Ho suggerito che è questo un po’ anche il lavoro che P. Monti ha fatto sul 
denaro. L’ha slavato. Ne ha grattato via tutta la nobile monetarietà simbolica. 
Addirittura ne ha alterato il sigillo simbolico per eccellenza, l’aquila, che è 
sugli stemmi delle divise spaziali degli astronauti, oltre che sui dollari e sui 
timbri dei documenti ufficiali. 
Ma c’è dell’altro: il satellite gira intorno al mondo – il suo riflesso sonoro 
nel pozzo lo testimonia – e i suoi “proprietari” lo tengono costantemente 
d’occhio in questa sua circolazione, come le banche tengono d’occhio la 
circolazione del denaro. Ma un satellite inutile che circola in questo modo 
assomiglia al viaggio dei dollari resi inutili dall’artista: portano entrambi 
con sè una materialità che infrange e dissolve – slava – l’investimento 
valoriale che li origina, circolano per altre strade, che pur essendo le stesse 
di fatto non lo sono, e mostrano in questo modo che nella superficie c’è 
un’alterità che non è facile cogliere, ma che occorre farlo se vogliamo imparare 
a vedere le cose altrimenti.

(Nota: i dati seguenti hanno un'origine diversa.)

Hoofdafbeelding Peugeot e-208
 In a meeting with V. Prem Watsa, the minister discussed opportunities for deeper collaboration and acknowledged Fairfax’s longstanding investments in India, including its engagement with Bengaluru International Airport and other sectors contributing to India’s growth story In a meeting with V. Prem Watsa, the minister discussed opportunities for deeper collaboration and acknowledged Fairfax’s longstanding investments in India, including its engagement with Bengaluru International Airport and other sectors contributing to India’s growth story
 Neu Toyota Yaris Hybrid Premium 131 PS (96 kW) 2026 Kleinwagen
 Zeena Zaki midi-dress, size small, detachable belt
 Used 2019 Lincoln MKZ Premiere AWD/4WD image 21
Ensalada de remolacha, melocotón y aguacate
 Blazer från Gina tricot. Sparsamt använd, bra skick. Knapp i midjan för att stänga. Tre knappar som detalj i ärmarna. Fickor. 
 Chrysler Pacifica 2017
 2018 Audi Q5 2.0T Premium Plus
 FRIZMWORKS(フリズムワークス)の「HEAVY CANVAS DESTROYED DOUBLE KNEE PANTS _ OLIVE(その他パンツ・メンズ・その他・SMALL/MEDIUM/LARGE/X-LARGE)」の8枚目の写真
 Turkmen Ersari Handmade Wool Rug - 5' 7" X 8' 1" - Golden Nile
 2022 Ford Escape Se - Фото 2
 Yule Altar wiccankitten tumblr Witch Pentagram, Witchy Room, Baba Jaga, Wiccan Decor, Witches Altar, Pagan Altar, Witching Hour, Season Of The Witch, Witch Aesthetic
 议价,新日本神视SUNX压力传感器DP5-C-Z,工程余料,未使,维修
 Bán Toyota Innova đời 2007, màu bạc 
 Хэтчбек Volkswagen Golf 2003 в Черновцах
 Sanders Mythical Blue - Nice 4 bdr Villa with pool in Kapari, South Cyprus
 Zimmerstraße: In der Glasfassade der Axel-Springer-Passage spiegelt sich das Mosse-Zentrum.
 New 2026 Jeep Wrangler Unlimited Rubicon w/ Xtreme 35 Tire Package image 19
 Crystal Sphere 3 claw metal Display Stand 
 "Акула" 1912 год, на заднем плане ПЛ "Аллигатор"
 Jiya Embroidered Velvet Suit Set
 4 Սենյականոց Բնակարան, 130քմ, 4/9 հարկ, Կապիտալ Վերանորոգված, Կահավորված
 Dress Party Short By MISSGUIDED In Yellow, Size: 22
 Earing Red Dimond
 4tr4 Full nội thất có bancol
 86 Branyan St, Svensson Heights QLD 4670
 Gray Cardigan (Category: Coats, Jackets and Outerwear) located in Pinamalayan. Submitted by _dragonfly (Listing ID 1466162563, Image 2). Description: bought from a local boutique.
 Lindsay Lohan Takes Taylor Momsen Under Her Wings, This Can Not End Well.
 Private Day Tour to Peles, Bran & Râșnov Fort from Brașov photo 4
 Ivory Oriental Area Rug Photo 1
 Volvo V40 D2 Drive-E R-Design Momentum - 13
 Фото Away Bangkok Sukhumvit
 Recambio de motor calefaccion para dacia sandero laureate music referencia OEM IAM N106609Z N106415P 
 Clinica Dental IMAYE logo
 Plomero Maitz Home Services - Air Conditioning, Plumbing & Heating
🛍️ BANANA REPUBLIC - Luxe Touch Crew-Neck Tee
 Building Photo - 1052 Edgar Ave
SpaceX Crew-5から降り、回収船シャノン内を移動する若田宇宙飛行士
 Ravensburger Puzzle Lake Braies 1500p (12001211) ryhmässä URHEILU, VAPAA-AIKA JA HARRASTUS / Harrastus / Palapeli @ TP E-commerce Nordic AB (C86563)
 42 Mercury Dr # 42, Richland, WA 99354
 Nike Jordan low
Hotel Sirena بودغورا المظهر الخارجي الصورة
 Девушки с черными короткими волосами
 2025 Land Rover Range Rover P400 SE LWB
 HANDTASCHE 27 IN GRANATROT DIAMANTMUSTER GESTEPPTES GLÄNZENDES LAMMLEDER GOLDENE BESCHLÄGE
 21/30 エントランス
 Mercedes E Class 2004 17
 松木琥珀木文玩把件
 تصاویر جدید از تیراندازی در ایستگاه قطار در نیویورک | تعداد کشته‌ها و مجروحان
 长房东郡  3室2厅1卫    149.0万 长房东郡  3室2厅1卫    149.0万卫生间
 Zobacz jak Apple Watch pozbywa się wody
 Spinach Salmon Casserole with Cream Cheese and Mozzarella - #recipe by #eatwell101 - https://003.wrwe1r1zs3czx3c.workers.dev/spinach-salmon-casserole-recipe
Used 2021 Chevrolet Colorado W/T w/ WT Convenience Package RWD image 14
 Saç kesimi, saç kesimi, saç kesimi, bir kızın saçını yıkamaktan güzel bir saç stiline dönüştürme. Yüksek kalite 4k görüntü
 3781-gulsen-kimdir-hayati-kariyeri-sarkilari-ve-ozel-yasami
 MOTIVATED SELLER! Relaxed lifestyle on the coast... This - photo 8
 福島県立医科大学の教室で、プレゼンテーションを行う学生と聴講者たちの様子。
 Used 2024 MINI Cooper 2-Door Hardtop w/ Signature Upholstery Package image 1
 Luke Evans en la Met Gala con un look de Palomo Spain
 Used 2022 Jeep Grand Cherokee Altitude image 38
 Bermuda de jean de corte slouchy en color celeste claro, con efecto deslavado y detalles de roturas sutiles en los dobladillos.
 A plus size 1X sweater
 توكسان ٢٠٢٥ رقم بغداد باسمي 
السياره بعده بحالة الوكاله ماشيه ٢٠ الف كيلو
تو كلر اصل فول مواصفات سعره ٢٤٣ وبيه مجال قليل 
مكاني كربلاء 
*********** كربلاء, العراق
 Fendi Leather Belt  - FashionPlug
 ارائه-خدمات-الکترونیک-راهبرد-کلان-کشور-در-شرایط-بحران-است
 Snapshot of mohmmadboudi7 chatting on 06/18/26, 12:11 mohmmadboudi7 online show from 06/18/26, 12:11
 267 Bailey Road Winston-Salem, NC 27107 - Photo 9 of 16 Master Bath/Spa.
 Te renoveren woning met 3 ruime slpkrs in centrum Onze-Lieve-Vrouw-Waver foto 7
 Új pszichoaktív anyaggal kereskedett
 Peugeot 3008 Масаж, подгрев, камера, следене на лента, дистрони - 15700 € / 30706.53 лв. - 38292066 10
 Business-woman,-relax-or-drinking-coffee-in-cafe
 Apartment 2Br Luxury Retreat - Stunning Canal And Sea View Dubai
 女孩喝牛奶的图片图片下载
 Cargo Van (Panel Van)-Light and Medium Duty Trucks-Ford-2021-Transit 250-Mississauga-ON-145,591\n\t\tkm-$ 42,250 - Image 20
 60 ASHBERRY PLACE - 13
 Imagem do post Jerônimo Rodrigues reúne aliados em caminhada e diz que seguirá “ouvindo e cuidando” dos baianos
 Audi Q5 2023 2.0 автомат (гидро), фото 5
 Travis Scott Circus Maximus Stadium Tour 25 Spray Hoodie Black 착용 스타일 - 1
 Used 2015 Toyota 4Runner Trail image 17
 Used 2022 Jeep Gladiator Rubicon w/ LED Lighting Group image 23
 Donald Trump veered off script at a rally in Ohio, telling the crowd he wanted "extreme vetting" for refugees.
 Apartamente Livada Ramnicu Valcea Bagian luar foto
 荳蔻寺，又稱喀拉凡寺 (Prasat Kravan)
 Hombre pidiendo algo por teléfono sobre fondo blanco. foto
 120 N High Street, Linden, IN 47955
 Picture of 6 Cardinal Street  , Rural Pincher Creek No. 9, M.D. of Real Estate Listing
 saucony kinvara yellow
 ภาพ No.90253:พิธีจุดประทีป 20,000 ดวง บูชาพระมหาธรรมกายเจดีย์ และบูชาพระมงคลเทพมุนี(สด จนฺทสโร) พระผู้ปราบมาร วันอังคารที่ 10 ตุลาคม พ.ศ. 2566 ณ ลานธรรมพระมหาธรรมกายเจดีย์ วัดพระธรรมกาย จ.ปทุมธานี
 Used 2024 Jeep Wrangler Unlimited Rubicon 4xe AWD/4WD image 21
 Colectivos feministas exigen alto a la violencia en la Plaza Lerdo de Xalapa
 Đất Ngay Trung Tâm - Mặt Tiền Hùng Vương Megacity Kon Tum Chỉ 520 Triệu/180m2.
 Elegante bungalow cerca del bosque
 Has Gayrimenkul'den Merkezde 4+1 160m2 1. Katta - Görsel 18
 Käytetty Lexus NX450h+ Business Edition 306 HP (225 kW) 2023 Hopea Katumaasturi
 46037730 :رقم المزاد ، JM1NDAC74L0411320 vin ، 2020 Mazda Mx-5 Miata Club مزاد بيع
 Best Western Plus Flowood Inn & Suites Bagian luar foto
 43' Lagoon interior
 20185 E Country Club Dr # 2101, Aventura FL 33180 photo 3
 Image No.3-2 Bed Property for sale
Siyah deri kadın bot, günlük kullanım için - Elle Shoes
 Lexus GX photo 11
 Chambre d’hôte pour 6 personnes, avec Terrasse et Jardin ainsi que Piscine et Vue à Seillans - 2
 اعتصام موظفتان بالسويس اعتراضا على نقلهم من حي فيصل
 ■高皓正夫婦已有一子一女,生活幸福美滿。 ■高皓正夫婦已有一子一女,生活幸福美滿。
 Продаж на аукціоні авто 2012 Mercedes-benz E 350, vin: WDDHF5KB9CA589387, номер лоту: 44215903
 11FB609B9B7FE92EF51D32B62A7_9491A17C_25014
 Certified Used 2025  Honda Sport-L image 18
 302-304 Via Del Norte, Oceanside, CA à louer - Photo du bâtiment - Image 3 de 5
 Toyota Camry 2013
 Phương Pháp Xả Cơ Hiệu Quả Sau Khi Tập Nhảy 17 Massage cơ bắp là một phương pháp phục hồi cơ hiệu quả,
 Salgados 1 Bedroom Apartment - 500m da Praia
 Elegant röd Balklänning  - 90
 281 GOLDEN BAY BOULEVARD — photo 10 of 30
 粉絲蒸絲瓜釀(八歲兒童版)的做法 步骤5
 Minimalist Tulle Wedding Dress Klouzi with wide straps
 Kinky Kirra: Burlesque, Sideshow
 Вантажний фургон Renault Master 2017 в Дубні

Caricare un satellite spaziale con sei semplici 
pile torcia che si comprano dal tabaccaio significa caricarlo di una fonte di 
energia povera e ricca di significato, analogamente alle banconote grattate e 
trattate che circolano fra l’Italia e la Cina e che vengono caricate di firme e 
sigilli, a testimoniare che l’umano non muore necessariamente di fronte 
all’ineluttabile della tecnica e del mercato globale. 
Discorsi pericolosi, che è difficile fare, ma che le cose trattate e slavate in 
questo modo sono capaci di comunicare. Provocare le cose a reagire, e insegnare 
alle cose e a noi tutti – agli studenti in primo luogo, ma qui lo diventiamo nel 
momento in cui, come sempre, ci disponiamo a imparare qualcosa che non sappiamo, 
e ci mettiamo alla ricerca, aprendoci allo stupore e allo studio, che non a caso 
hanno una stessa radice fonetica - insegnare che il mondo è pieno di pozzi in 
cui si specchiano i satelliti, ossia che è pieno di strade e percorsi inattesi 
che ci possono portare oltre le apparenze e far risuonare fra loro cose anche 
molto lontane fra loro. Ecco perché qui, oggi, arte e scienza hanno potuto 
incontrarsi e parlarsi in maniera originale. 
Roma, dicembre 2007 
Enrico Castelli Gattinara - Docente di Epistemologia della Storia, 
Sapienza Università di Roma, Circolo Bateson.